Na praia central, Olha Rudenko e o namorado Roman Svichkar passearam pelas areias douradas. Uma placa em letras vermelhas avisava “Não tome banho”. “Esta é uma enorme tragédia ecológica. O rio tem um cheiro estranho”, observou Olha. Ela observou que no ano passado as tropas russas explodiu o reservatório de Khakovka na província de Kherson, no sul da Ucrânia, inundando aldeias e matando pessoas e peixes. “Esta é a Rússia novamente, 100%”, disse ela. “Bebíamos água da torneira e comprávamos peixe no mercado. Agora não podemos.”

Olha Rudenko e seu namorado Roman Svichkar na praia central.
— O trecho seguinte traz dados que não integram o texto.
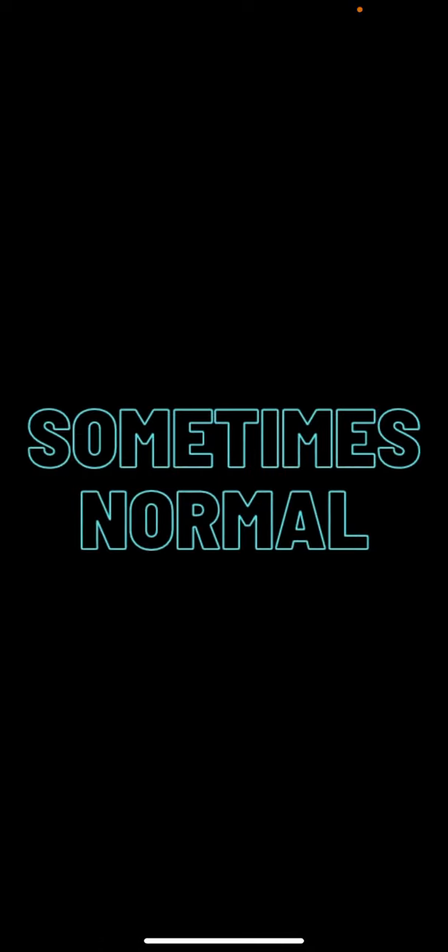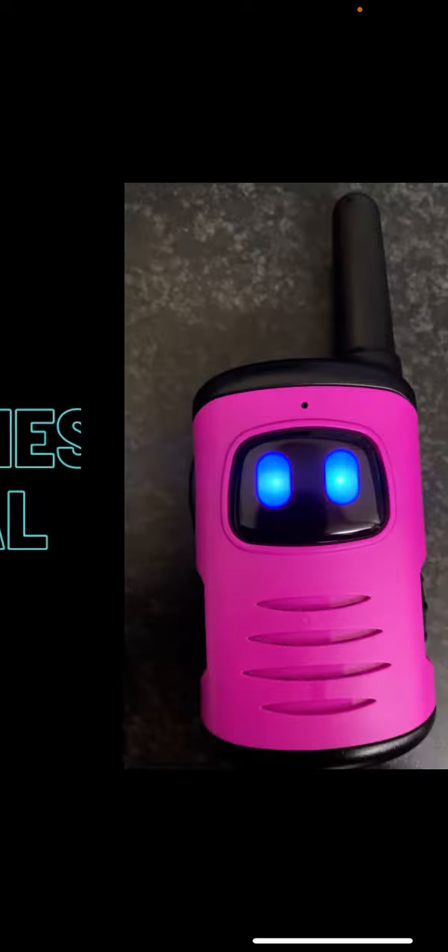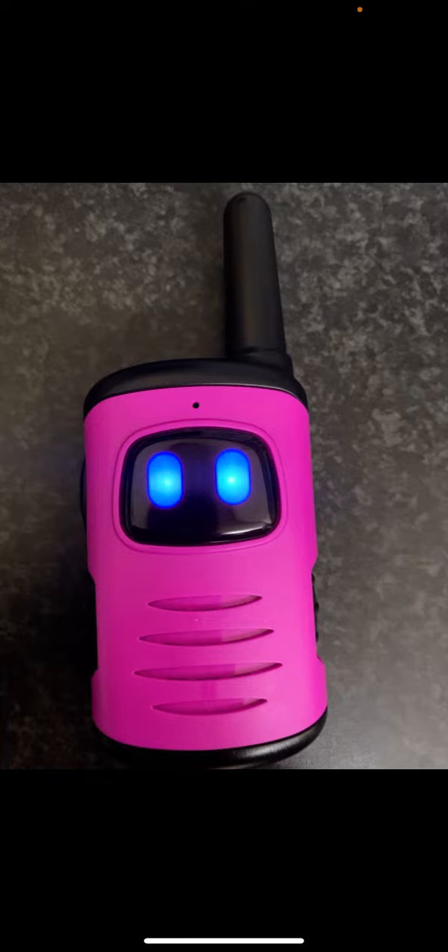Hello, hello! In today's video we're going to be how-to-ing a gift that the third trio received yesterday for Eid. Guess what it is! It looks like a robot — like Baymax — but it's actually a walkie-talkie. Yes, it is a walkie-talkie!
Voluntários removeram peixes mortos do rio Desna. A água da cidade não é mais segura para beber. Fotografia: Alessio Mamo/The Guardian

Svitlana Hrynchukministro da proteção ambiental da Ucrânia, disse que o consumo de água em Kiev continua seguro. Várias medidas especiais foram tomadas para eliminar os nitratos, disse ela, com 120 toneladas de agentes de limpeza importados e redes estendidas ao longo do Desna para capturar peixes mortos. Na região de Kiev, ninguém apareceu. Além disso, a água era purificada rotineiramente antes de ser extraída para uso doméstico, disse ela, acrescentando: “Não temos uma praga de peixes”.

Hrynchuk disse que este último episódio faz parte de um padrão sombrio. As tropas russas destruíram parques nacionais em áreas ocupadas, mataram animais e minaram milhares de hectares de floresta. As explosões causaram incêndios florestais, um problema agravado pelo recente clima quente. “A Ucrânia está a lutar pelo seu futuro. Esse futuro tem que incluir a natureza. Precisamos de água limpa, ar limpo, florestas, tudo”, disse ela. “Temos um país lindo. Temos que salvá-lo e protegê-lo.”

Svitlana Hrynchuk, ministra da proteção ambiental e dos recursos naturais, disse que o abastecimento de água de Kiev continua seguro para beber. Fotografia: Alessio Mamo/The Guardian

Ela disse que o rio fazia parte da cultura ucraniana. Em 1956, o cineasta soviético Oleksandr Dovzhenko publicou um romance chamado The Enchanted Desna. Relembrando sua infância, ele escreveu: “Já passava muito do pôr do sol e o grande bagre saltava no Desna sob as estrelas enquanto ouvíamos ansiosamente até cochilarmos no feno perfumado sob os carvalhos. O vovô considerava a tenca o melhor peixe de todos. Ele os tirou da água com as próprias mãos, como um mágico chinês.”

Serhiy Kraskov, prefeito da vila de Slabyn, em um bosque próximo às margens do Desna. Fotografia: Alessio Mamo/The Guardian

De volta a Slabyn, Kraskov disse que antes de se tornar prefeito da aldeia trabalhou na usina nuclear de Chornobyl. Ele esteve envolvido na construção de um sarcófago de concreto projetado para conter a radiação do reator, que explodiu em 1986. “Eu sei como enterrar substâncias perigosas”, disse ele ironicamente. “Também sei como funciona a burocracia. É por isso que agimos rapidamente com os peixes mortos.” Ele continuou: “Se algo dá errado, as autoridades gostam de encontrar um bode expiatório. Então é melhor você fazer tudo corretamente. Nossa vida é assim.”